Many studies have been conducted to characterize neurotrophin [1214]. Among neurotrophins, NT-3 showed two peaks, monomers and dimers, based on elution profiles with western-blot analyses. NT-3 monomers were 100–1000 times less active when compared with dimers in the phosphorylation assay. These data indicated that NT-3 dimers interact far more efficiently than monomeric NT-3 with their receptors [13]. We also confirmed that the expression of NT-3 monomers was less than that of NT-3 dimers in the focal cerebral ischemia. However, although the expression of NT-3 monomer was lower in both the sham and ischemia group, increased tendency for expression of NT-3 monomers was observed after 2 weeks of treadmill exercise.

Previous studies showed that exercise has neuroprotective effect and can increase neurogenesis. The duration and intensity of exercise are important factors promoting the plasticity and enhancement of the brain. Indeed, progressive exercise like walking on a treadmill was sufficient to improve brain function [8, 15, 16]. Neuroprotective effect of NT-3 in the cerebral ischemia was confirmed by exogenous delivery of the NT-3 gene in a focal cerebral ischemia of rat model.
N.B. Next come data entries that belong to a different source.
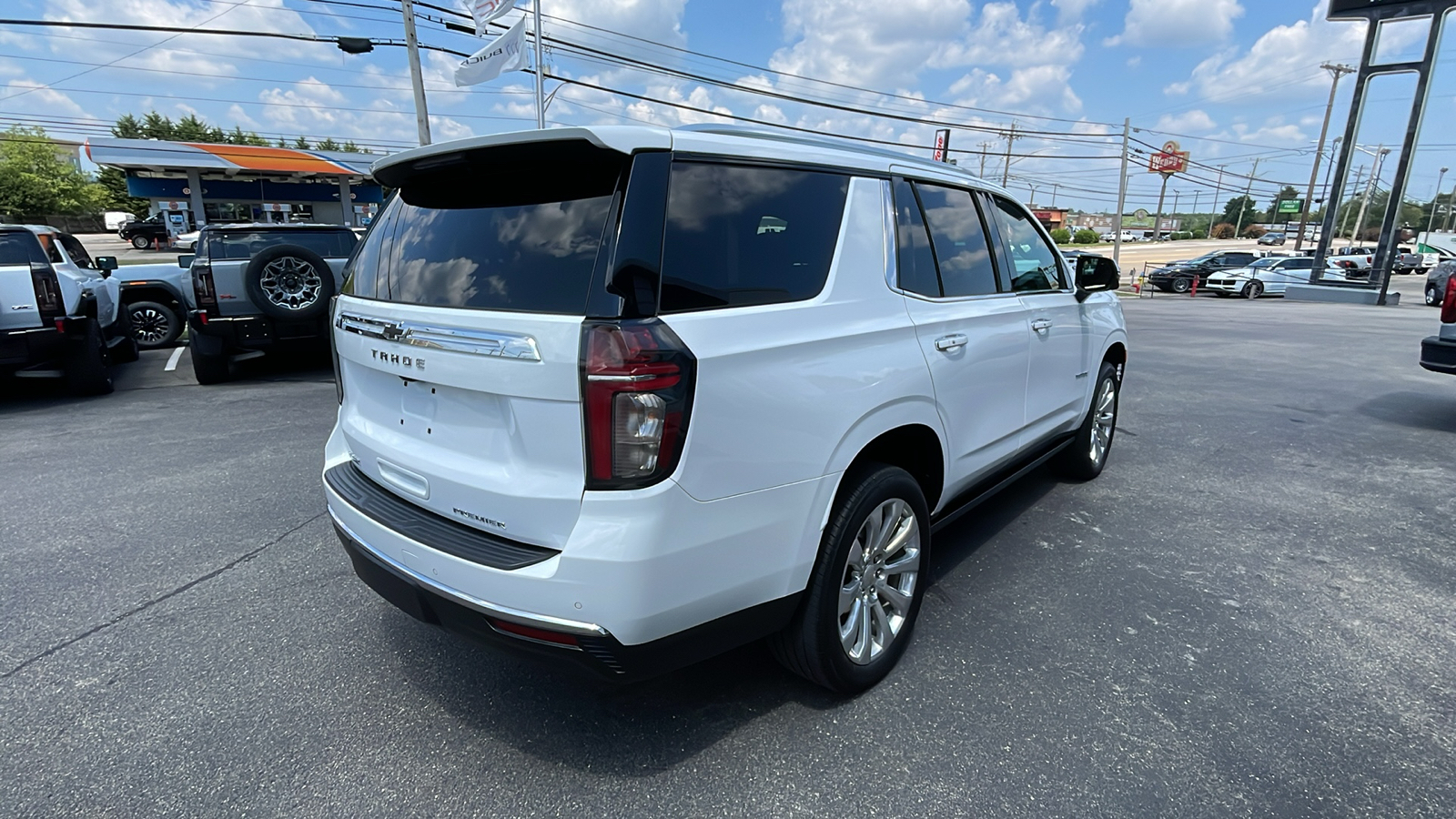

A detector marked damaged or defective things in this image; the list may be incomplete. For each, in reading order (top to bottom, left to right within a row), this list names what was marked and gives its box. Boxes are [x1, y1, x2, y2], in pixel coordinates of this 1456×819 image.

parking lot crack [0, 510, 324, 676] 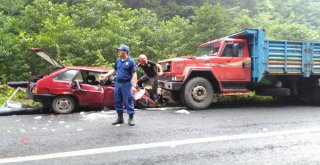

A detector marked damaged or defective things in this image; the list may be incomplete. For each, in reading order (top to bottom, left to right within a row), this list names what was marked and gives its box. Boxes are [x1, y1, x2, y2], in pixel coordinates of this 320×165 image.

crashed red car [27, 48, 155, 114] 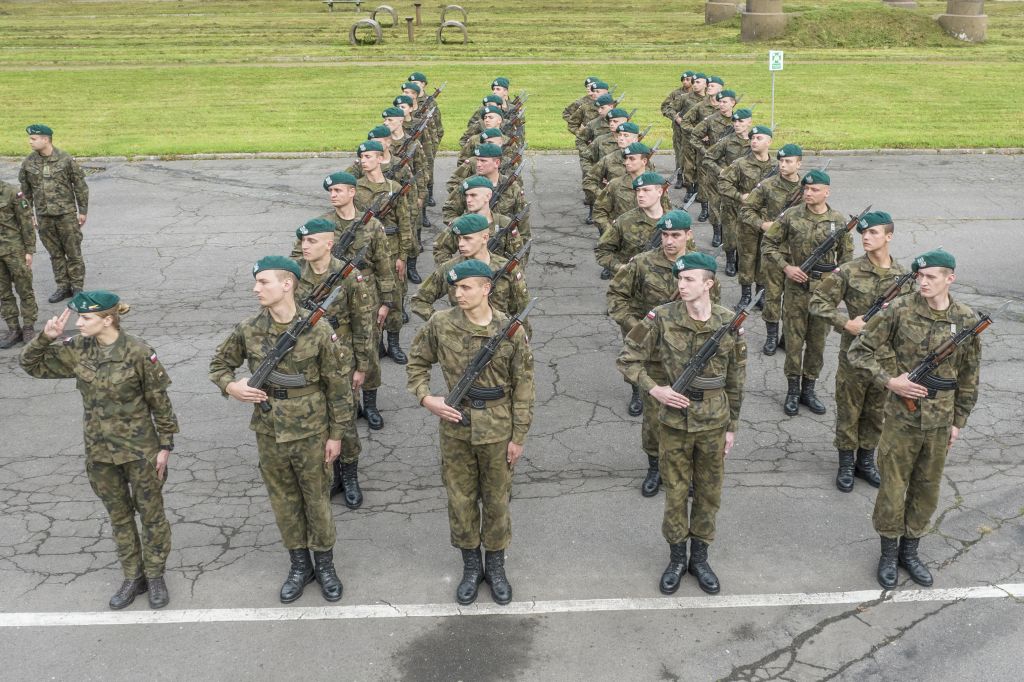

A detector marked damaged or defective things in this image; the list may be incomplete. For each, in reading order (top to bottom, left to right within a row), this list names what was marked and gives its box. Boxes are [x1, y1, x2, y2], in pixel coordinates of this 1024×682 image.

cracked asphalt [2, 154, 1024, 680] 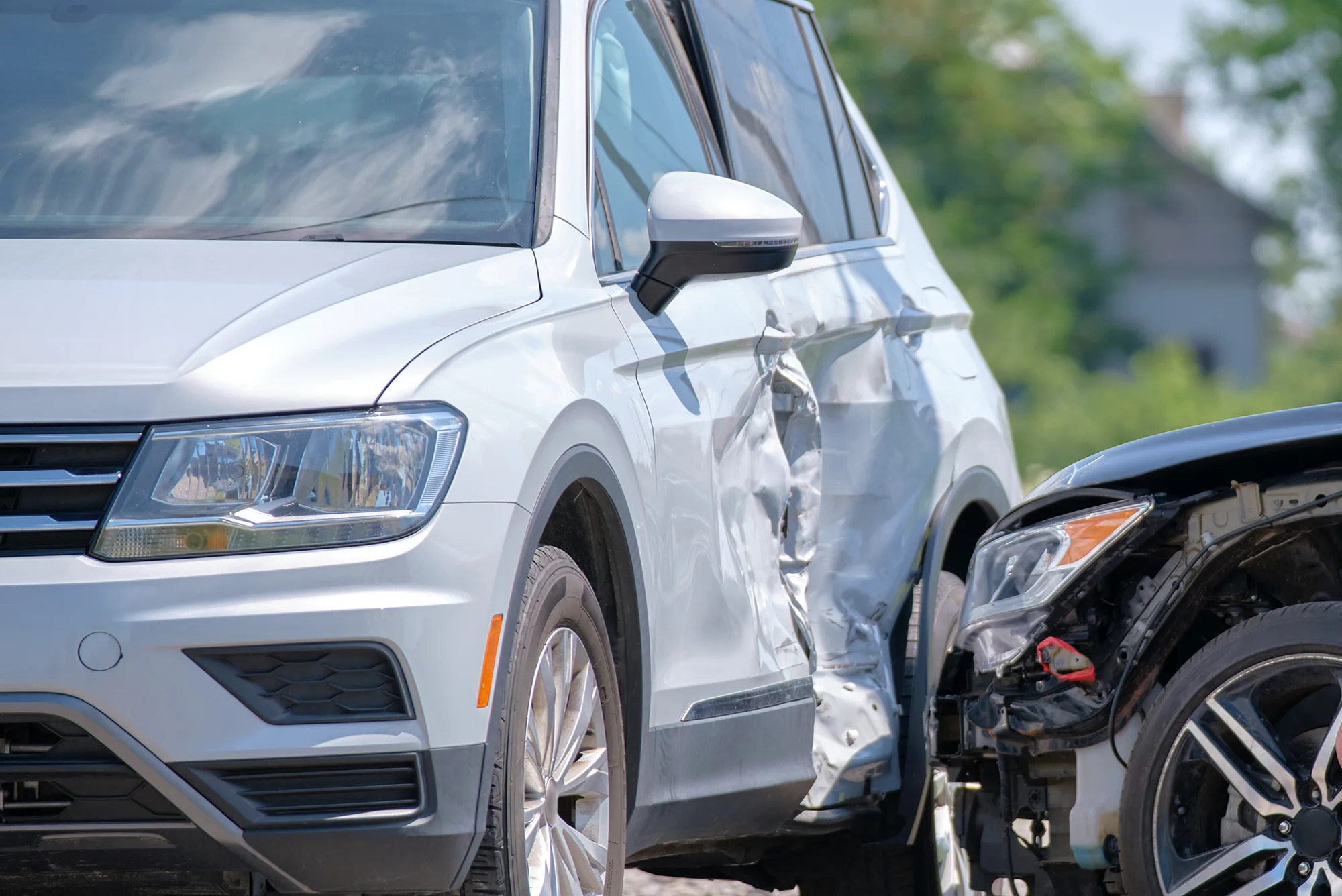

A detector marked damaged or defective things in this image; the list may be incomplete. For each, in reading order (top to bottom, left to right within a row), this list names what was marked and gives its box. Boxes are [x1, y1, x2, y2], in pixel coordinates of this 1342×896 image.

However, the mechanism underlying the neuroprotection of NT-3 against focal cerebral ischemia is not completely understood [17]. In this study, exercise increased the expression of NT-3 and focal cerebral ischemia itself increased the expression of NT-3. We can assume that the brain itself expresses NT-3 for neuroprotective effect against injury in the brain and that exercise built up the expression of NT-3. Interestingly, without exercise, ischemia itself increased the expression of NT-3 initially, after which it gradually decreased. However, exercise resulted in the expression of NT-3 being maintained consistently. However, we were unable to determine the mechanism through which exercise changed NT-3 or induce recovery of the focal cerebral ischemia.

Although the mechanism of neuroprotective effect of NT-3 is not completely understood, several studies have shown that NT-3 binds to high affinity receptor trkC, triggers the receptor, and signals cascades. These intracellular signaling pathways modulate gene expression and are responsible for most of the neuroprotective effects related to neuronal growth, survival, and differentiation [1719].

In this study, we showed that the expression of trkC was also increased by treadmill exercise itself. However, in focal cerebral ischemia, exercise decreased the expression of trkC in ipsilateral region. Moreover, the expression of trkC gradually increased by times without exercise in focal cerebral ischemia. These results are contrary to the expression of NT-3. Exercise increased the expression of trkC, as for NT-3, in the contralateral region, but not in the ipsilateral region in focal cerebral ischemia.

4. Conclusions

Overall, the results of this study indicate that exercise induced functional recovery in focal cerebral ischemia and that this effect was related to NT-3 and trkC. However, the roles of NT-3 and trkC likely differed based on the observed differences in the timing of their expression. Therefore, although trkC is the receptor kinase for NT-3, expression profiles of NT-3 and trkC are not directly matched among the time points of exercise-induced functional recovery.

Conflicts of Interest

The authors declare that they have no conflicts of interest.

Authors’ Contributions

Jin-Young Chung and Min-Wook Kim equally contributed to this work.

Acknowledgments

This research was supported by Basic Science Research Program through the National Research Foundation of Korea (NRF) funded by the Ministry of Science, ICT & Future Planning (NRF-2014R1A1A1004339, 2016M3C7A1914002).